Taken sees something downright impotent about this quest for justice, given how easily the vengeance corresponds with the humiliation at the hands of those bourgeois motherfuckers who have made Bryan's life so difficult to live. (The first ten minutes neatly encapsulates the film, as Bryan is charged with protecting/deflating a pompous pop star (Holly Valance).) One of two pictures released in the United States during the past year to invoke Sam Raimi's Neeson-starring Darkman (preceding Raimi's own Drag Me to Hell), Taken finds Neeson once again obsessively playing an audio recording to commit his quarries' voices to memory, and his holy wrath is set off by a series of harrowed flashbacks. The comparison invites a very specific discussion about irresponsible anger dictating the motives at play. "It was always personal to me," Bryan offers as a kiss-off to one of his victims before perforating him…but exactly how personal? How much of a factor does Kim really represent in his mad journey? Taken doesn't shy away from the essential selfishness of its premise: Bryan's obsession smacks of an attempt to make up for lost time, his penitence for being an absentee father in Kim's formative years. Reaching back to and followed by the "96-hour window" in which Bryan must recover her, the entire film is haunted by the vague hope that it's not too late for Bryan to save her from the big bad world and keep her all to himself.

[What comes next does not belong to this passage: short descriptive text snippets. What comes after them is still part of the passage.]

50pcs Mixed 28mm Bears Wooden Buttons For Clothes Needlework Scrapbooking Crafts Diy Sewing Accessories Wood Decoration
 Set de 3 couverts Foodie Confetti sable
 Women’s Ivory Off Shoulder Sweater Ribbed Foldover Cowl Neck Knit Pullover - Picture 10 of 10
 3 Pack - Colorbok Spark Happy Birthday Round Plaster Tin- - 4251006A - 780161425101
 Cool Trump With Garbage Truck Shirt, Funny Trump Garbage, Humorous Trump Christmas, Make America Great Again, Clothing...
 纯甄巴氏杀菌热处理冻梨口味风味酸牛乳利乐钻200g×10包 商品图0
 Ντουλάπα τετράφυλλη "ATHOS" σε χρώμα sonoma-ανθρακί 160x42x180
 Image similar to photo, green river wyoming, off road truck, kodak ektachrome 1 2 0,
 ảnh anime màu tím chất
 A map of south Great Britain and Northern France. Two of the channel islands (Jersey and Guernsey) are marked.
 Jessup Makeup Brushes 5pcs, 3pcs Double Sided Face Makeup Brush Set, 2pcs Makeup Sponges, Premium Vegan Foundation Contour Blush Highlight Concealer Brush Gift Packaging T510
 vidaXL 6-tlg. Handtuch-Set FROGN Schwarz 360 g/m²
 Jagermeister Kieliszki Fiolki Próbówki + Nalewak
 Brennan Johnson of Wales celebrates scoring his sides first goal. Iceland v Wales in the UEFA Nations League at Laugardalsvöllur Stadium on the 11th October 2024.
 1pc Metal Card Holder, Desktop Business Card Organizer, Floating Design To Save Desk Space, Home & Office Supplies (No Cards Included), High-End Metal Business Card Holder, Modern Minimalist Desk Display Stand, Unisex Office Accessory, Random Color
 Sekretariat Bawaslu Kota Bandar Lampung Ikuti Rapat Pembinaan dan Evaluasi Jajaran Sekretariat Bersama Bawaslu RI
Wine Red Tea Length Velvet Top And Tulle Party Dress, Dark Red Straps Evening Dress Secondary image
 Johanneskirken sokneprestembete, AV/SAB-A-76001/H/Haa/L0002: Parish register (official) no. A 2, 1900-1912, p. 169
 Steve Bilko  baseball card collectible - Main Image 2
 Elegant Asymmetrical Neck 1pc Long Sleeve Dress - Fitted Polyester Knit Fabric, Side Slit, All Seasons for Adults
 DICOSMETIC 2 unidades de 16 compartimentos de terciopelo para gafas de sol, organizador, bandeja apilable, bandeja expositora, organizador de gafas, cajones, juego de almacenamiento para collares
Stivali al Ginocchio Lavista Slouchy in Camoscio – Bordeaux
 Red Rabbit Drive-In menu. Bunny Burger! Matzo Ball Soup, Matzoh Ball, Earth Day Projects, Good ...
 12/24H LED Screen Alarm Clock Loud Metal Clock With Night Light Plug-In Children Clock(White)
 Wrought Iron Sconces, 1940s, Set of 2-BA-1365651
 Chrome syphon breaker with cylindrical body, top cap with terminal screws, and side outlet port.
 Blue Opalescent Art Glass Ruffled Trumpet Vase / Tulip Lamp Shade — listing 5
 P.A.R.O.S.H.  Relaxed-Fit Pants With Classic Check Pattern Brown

It's the logical continuation of Besson's fascination with inappropriate parental figures. A fair enough criticism that Taken trivializes sex trafficking in the name of a few cheap thrills, but the point is that everything has been trivialized on Bryan's quest. Looking for information, he coerces a friend in the French government (Olivier Rabourdin) by putting a bullet in his wife's shoulder and threatening to do worse. "My salary is X, my expenses are Y," the Frenchman protests. "As long as my family is provided for, I do not care where the difference comes from." In this scenario, however, no one's family is more important than Bryan's. When push comes to shove, his tactics operate by the same blind eye–it's simply easier to side with him because we know everything of his stakes and nothing of anyone else's. It's not nearly as devastating as similar themes in Dirty Harry (mostly because it never actively throws us under the bus, or into the line of fire), yet it nonetheless raises the same problems about what we're willing to do and ignore when personal rage bubbles to a boiling point. Torture? Why, it's not even a question. Taken hardly stops to ponder the implications of its sadism, and since this is a will-o'-the-wisp fantasy of the most obvious order, the ends are tailored to justify the means. Still, it's no mean feat that it should engage in a fairly intelligent conversation while caught up in the heat of the moment.

THE BLU-RAY DISC
Taken arrives on Blu-ray from Fox in a "2-Disc Extended Cut" that gives you the option, via seamless branching, of watching the theatrical or unrated version of the film–the most obvious variation between the two a couple of extended shots in which Bryan fires a few more bullets at some assholes in tuxedos in what can only be described as a miniature tantrum. It's mentioned in the commentaries section that the first half-hour of cinematography was crafted to look like "American comedies," i.e., light, bright, and bouncy–which holds true for the 2.40:1, 1080p transfer, though I found the nicely-grainy image a tad blown-out/washed-out. The situation improves when the tone of the piece gets darker, however, the grimy-yet-glossy Parisian nights that constitute the rest of it reminding a bit of the sulphuric European backdrops of Hostel Part II. The DTS-HD 5.1 Master Audio soundtrack is nicely balanced; a scene in which Kim and her friend Amanda (Katie Cassidy) crank the volume on their stereo to its deafening maximum exemplifies pretty well that the mix knows "loud" from "too loud."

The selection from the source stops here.